You are wrong about serverless vendor lock-in
Some time ago, the Register published an article titled “Lambda and serverless is one of the worst forms of proprietary lock-in we’ve ever seen in the history of humanity”. It received a lot of attention, and vendor lock-in has become a perennially popular question at conferences. But I’m here to tell you that you are probably thinking about vendor lock-in all wrong when it comes to serverless.
Hear me out.
It’s coupling, not lock-in
The biggest misconception about serverless vendor lock-in arguments is that technology choices are never lock-ins. Being “locked in” implies that there is no escape, but that’s not the case with technology choices. Not with serverless, not with databases, not with frameworks, not with programming languages.
Instead, technology choices create coupling. And no matter the choices you make, your solution will always be coupled to something. Moving away from those technologies requires time and effort, but there is always a way out. In the worst case, you have to rewrite some parts of your system. Sam Newman defines a microservice as a stand-alone service that can be rebuilt in no more than two weeks. That gives you a rough idea of the worst case cost.
To prevent any coupling to a particular cloud provider, you end up with the least common denominator across all providers. And that means using only VMs and no managed services. And it means missing out on most of the benefits your cloud provider can offer!

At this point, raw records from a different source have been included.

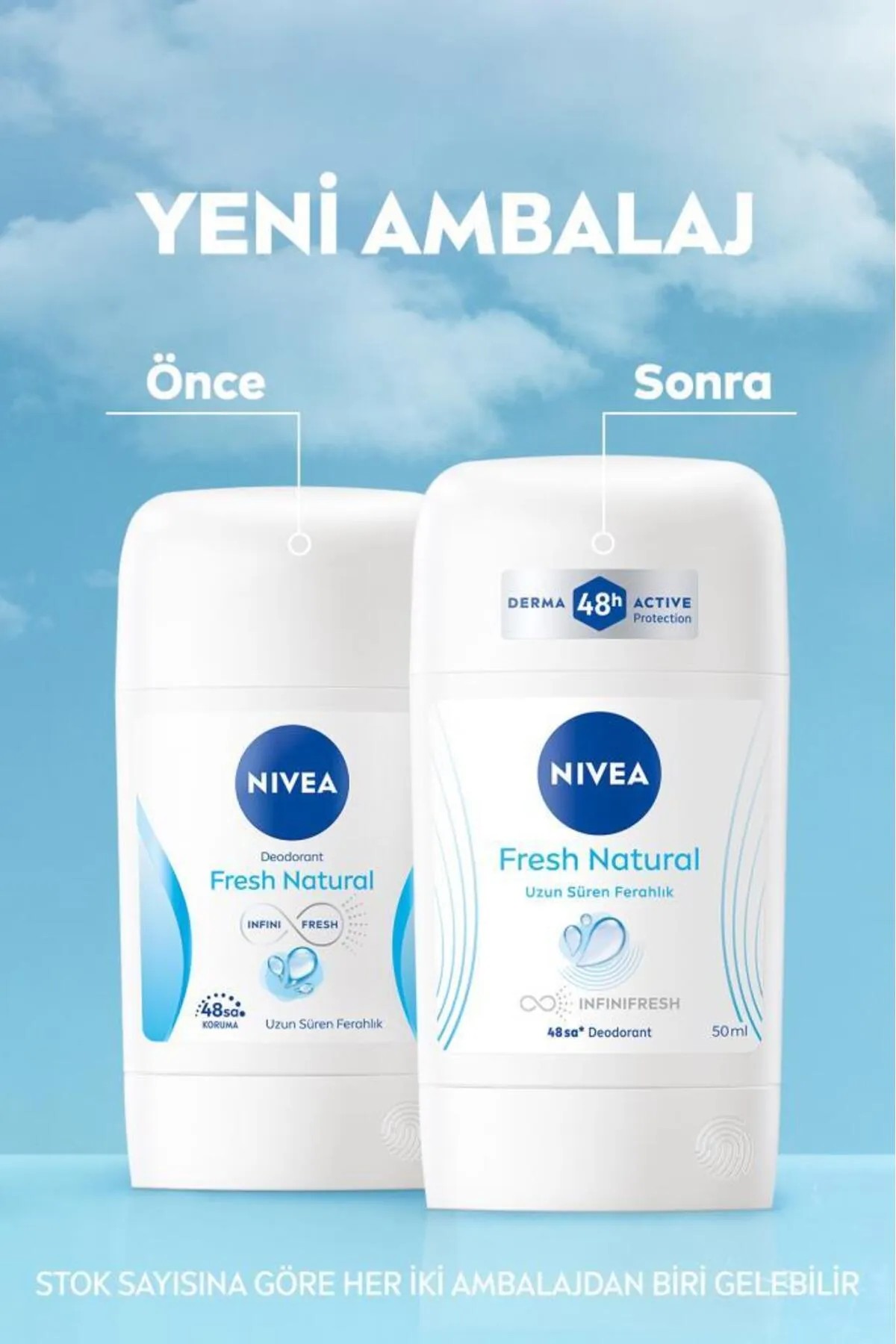 NIVEA FRESH NATURAL STİCK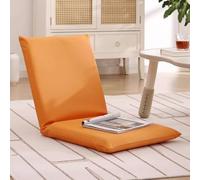 Chauffeuse 1 Place Relax, Chaise de Sol avec Dossier, Fauteuil de Jeu Pliable et Réglable pour Le Camping, Les Jeux Vidéo et la Lecture Au Sol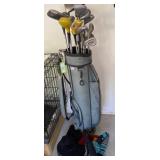 Golf Clubs With Bag and Accessories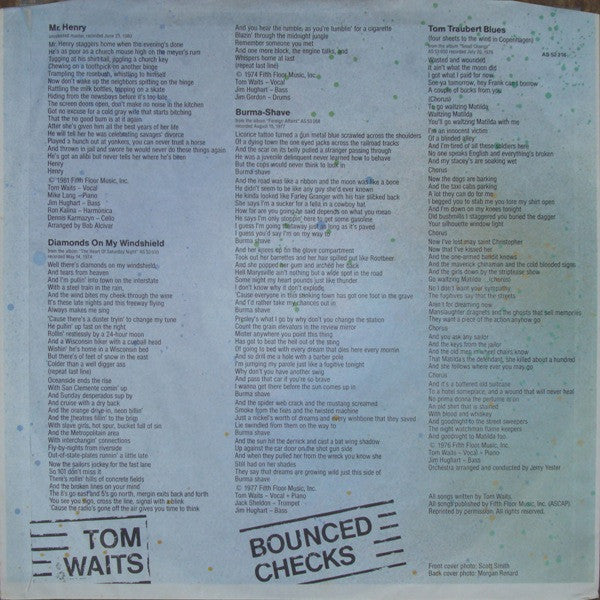Tom Waits : Bounced Checks (LP, Comp)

There are two sides to risks
Is being tightly coupled to a cloud provider a risk? Absolutely. But taking risks is not a bad thing on its own. We take risks all the time. Part of being an adult is about taking sensible risks that give you the maximum return.
Is taking a new job a risk? Yes. But the return is new learning opportunities and (hopefully) better financial compensation.
Is driving a risk? Yes. But the return is being able to move from point A to B more efficiently so we can spend our time on other more useful things.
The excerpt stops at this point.